When I was a kid, with my Nintendo, I was never a big fan of the classic Donkey Kong-style of game. You know, the ones where you play as Mario, leap over barrels and climb up ladders to save Princess Peach. They were repetitive and graphically unimpressive and horrifically difficult. But then 1994 came and courtesy of developer Rare and publisher Nintendo, I was able to become the ape. It would end up selling more than eight million copies. It would also become one of the most famous side-scrolling game evers. There were rhinos and crocodiles and a whole assortment of other beasts.
It was called Donkey Kong Country (DKC).
The first time I played DKC, I was in a department store about a week before Christmas. My mother, she was off looking at curtains or something but me, I was watching some kid take Donkey Kong and his buddy Diddy riding around some snowy wilderness, blasting out of buckets. The kid eventually got called away and I took over. I jumped on an ostrich and instantly, I was hooked.
Within minutes I was pulling my mother away from her curtain browsing. It was the week of Christmas and I was going to be damned if DKC wasn’t one of the first presents I opened. She didn’t buy it for me, not that day.

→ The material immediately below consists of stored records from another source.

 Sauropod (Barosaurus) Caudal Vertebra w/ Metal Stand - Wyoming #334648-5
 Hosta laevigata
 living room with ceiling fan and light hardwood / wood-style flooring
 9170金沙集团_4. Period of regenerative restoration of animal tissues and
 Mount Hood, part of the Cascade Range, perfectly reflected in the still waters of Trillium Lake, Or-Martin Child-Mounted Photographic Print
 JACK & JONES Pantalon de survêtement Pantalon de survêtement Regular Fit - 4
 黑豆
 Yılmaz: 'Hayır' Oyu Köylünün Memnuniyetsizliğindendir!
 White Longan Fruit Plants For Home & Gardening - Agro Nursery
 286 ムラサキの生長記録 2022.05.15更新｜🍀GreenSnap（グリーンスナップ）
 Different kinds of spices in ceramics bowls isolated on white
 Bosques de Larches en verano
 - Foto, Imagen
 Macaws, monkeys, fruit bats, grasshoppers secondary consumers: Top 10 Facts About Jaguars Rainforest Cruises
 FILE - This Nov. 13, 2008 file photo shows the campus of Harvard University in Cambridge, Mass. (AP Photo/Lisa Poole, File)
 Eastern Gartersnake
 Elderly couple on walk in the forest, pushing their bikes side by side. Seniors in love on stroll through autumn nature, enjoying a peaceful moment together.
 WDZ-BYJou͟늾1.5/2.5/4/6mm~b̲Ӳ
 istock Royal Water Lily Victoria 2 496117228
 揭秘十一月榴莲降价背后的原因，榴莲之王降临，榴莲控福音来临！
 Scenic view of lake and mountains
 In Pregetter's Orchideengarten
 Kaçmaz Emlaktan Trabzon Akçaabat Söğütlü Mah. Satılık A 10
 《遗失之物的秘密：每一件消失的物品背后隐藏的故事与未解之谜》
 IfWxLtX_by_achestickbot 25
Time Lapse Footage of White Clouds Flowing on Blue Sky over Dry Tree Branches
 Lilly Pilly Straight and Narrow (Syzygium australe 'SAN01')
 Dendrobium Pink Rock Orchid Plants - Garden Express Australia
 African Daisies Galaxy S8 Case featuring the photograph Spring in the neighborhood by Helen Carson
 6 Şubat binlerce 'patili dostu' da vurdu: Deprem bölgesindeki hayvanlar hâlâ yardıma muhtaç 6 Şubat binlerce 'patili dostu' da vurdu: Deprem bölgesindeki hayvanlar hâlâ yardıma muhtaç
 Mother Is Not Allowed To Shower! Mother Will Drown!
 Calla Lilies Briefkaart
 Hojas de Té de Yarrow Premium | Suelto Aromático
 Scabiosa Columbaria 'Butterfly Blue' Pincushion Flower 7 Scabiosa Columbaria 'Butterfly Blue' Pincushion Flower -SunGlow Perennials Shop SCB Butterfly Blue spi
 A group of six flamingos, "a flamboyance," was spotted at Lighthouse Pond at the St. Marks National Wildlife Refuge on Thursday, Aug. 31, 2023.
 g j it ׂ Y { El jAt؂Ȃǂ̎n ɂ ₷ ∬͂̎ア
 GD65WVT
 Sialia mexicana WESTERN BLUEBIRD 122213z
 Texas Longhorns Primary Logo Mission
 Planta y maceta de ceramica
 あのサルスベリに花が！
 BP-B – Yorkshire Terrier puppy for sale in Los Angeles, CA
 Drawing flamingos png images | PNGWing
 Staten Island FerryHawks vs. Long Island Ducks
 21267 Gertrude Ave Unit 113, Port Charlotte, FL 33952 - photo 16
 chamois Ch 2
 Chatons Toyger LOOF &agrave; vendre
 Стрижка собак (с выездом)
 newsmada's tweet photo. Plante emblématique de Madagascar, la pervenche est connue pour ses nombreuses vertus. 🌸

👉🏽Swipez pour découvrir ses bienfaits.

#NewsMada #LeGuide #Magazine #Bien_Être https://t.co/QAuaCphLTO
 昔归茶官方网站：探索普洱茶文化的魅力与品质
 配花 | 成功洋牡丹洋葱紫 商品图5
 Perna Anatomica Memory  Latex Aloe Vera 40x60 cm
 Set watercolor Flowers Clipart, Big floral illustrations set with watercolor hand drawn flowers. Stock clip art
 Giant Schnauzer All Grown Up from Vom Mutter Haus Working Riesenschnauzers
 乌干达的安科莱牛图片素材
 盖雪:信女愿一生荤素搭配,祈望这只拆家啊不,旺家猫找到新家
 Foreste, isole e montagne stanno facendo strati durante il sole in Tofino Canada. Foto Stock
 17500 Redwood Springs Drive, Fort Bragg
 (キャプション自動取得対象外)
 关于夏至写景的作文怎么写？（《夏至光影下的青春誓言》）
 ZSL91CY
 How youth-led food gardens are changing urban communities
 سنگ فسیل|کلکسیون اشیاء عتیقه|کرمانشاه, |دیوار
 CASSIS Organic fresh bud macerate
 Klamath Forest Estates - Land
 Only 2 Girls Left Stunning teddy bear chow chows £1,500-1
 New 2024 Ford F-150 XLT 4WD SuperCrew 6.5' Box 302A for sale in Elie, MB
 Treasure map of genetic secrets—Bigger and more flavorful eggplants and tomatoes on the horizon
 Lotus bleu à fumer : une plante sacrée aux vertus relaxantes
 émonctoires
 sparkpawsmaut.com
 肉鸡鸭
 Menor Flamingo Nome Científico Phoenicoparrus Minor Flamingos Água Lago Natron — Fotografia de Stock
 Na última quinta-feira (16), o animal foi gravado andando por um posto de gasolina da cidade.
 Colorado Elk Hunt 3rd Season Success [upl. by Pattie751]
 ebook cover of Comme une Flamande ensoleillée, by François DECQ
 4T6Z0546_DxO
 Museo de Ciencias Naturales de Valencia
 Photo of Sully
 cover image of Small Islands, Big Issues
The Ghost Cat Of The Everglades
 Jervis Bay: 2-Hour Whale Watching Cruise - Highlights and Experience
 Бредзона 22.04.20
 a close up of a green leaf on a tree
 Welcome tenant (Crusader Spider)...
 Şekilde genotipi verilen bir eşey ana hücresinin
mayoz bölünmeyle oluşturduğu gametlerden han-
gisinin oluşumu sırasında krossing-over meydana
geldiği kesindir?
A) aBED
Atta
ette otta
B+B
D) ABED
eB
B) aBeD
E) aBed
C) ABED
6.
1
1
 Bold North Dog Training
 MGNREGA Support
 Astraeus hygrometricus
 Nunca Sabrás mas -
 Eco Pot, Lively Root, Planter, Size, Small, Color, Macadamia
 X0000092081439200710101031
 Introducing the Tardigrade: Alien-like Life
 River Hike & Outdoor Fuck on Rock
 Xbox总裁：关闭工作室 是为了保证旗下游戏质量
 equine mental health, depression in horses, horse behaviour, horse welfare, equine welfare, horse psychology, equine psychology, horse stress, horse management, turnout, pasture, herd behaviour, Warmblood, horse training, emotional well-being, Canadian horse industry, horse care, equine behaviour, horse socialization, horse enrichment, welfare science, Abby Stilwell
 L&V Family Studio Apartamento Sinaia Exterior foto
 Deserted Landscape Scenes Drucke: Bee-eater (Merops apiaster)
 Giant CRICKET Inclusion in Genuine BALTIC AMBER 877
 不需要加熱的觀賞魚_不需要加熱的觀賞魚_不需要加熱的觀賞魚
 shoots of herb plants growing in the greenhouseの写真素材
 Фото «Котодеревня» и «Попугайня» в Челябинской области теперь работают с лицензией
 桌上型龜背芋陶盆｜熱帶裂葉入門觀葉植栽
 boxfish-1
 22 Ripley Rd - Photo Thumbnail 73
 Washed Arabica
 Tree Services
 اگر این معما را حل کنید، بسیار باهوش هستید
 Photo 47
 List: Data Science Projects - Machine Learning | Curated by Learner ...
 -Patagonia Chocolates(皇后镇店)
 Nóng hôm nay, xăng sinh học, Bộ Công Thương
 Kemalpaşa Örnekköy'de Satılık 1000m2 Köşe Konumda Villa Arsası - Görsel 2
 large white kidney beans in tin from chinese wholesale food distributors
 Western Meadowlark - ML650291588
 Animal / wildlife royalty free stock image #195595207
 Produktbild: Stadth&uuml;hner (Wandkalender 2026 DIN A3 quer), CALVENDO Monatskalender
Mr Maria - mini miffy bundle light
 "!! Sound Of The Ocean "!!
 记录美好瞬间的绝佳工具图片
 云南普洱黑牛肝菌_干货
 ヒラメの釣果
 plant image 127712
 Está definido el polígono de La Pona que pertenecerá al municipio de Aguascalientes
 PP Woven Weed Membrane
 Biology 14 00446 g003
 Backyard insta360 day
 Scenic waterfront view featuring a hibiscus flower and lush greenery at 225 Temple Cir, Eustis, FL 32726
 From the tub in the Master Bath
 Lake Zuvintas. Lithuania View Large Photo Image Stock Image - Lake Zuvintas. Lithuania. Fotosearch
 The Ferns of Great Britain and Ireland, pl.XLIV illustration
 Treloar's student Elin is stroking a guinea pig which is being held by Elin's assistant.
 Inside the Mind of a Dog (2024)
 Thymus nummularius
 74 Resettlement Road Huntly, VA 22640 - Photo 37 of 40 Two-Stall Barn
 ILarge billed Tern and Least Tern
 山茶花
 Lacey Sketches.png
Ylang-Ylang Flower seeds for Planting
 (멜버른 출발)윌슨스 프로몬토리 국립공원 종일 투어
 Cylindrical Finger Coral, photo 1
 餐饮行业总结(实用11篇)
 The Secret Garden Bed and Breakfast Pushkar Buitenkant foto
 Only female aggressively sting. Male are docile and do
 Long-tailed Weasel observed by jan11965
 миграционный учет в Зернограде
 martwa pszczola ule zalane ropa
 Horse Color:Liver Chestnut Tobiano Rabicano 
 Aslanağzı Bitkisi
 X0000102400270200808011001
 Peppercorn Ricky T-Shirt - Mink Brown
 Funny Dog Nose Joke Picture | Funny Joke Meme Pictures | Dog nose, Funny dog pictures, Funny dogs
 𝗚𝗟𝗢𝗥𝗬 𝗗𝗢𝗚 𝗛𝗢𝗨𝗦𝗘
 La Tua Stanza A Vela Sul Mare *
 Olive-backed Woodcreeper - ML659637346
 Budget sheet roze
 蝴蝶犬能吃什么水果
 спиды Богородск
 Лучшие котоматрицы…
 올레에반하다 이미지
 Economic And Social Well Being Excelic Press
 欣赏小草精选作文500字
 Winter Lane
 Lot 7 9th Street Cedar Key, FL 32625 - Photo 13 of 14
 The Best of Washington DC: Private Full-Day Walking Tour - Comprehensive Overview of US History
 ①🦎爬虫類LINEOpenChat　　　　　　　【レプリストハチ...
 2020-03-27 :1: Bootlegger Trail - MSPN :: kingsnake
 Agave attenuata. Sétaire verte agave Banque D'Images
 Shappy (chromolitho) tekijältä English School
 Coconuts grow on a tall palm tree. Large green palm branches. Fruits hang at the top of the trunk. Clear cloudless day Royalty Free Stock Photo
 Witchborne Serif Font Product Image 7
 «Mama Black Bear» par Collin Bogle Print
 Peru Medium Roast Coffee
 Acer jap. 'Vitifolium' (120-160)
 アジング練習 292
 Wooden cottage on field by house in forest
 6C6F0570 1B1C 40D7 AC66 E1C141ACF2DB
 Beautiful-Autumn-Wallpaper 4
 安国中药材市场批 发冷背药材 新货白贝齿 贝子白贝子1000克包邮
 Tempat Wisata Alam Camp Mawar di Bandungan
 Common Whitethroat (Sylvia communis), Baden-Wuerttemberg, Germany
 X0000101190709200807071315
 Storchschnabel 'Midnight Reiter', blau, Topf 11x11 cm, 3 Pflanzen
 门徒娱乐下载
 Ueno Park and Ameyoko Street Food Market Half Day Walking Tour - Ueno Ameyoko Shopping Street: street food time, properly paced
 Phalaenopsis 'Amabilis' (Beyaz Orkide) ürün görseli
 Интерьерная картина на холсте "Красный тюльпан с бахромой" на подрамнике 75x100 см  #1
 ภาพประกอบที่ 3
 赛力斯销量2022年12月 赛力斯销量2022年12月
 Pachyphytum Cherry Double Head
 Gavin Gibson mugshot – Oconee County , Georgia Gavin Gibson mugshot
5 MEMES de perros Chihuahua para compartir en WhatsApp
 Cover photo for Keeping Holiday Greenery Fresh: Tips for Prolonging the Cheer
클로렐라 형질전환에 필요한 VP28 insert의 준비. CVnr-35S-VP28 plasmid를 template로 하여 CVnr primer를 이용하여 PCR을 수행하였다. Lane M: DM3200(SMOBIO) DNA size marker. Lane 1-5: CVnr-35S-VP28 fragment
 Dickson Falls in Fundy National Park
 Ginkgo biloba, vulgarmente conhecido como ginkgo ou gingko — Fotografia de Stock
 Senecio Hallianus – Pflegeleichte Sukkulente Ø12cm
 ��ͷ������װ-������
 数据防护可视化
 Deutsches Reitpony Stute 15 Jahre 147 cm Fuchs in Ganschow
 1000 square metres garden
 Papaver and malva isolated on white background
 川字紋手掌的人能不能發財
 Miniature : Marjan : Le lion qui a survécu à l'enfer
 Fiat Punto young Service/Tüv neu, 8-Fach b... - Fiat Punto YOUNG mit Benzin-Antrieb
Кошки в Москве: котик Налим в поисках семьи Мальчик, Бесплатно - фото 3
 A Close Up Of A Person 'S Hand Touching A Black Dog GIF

Meanwhile, this kid who lived across the street from me (spoiled rotten by a wealthy grandmother) he had DKC. He was the first one in the neighborhood to have it so in the days before Santa came me and the other two boys from the neighborhood crowded round his TV, waiting to see what levels came next.
Then Christmas came and we all got a copy and we didn’t see each other for a few weeks. I ended beating the game over and over again for as long as I played Super Nintendo. My sister also got in on the action, beating it a couple times herself.
Hoping to cash in the success of DKC, Nintendo released DKC2 a couple years later. It wasn’t bad, but like most sequels, it failed to capture the magic of its predecessor. The same thing can be said for Donkey Kong 64. Not a bad game but not a great one either.
Even with these lackluster subsequent releases and the clunker that was Donkey Konga, however, DKC is a title that will always live on as one-of-a-kind.